Return the whole listing unchanged. Drop the images.

## Source data
[Start of Attachment]
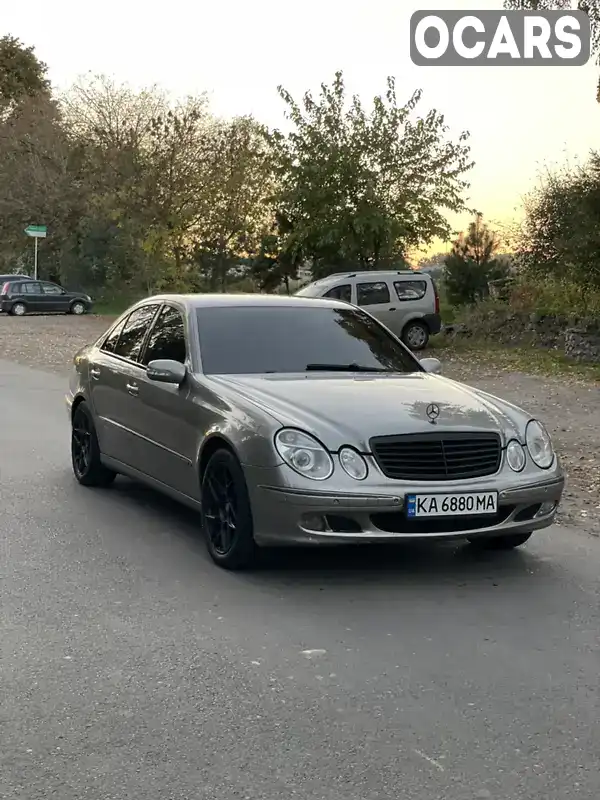 Седан Mercedes-Benz E-Class 2003 3.2 л. Автомат обл. Рівненська, Рівне - Фото 1/21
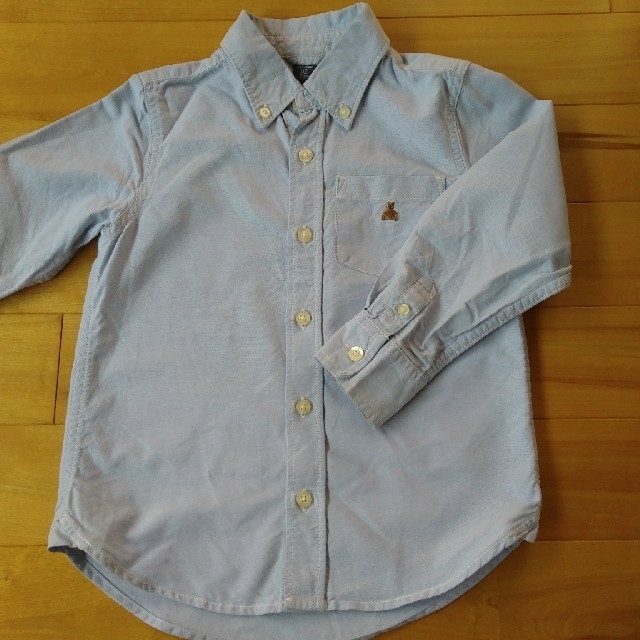 babyGAP(ベビーギャップ)の【110】babyGAP　カッターシャツ キッズ/ベビー/マタニティのキッズ服男の子用(90cm~)(ブラウス)の商品写真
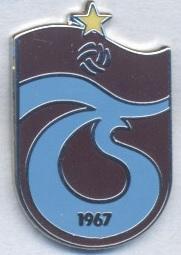 футбол.клуб Трабзонспор (Туреччина)2 ЕМАЛЬ /Trabzon SK,Turkey football pin badge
[End of Attachment]
## Expected output
 Седан Mercedes-Benz E-Class 2003 3.2 л. Автомат обл. Рівненська, Рівне - Фото 1/21
 babyGAP(ベビーギャップ)の【110】babyGAP　カッターシャツ キッズ/ベビー/マタニティのキッズ服男の子用(90cm~)(ブラウス)の商品写真
 футбол.клуб Трабзонспор (Туреччина)2 ЕМАЛЬ /Trabzon SK,Turkey football pin badge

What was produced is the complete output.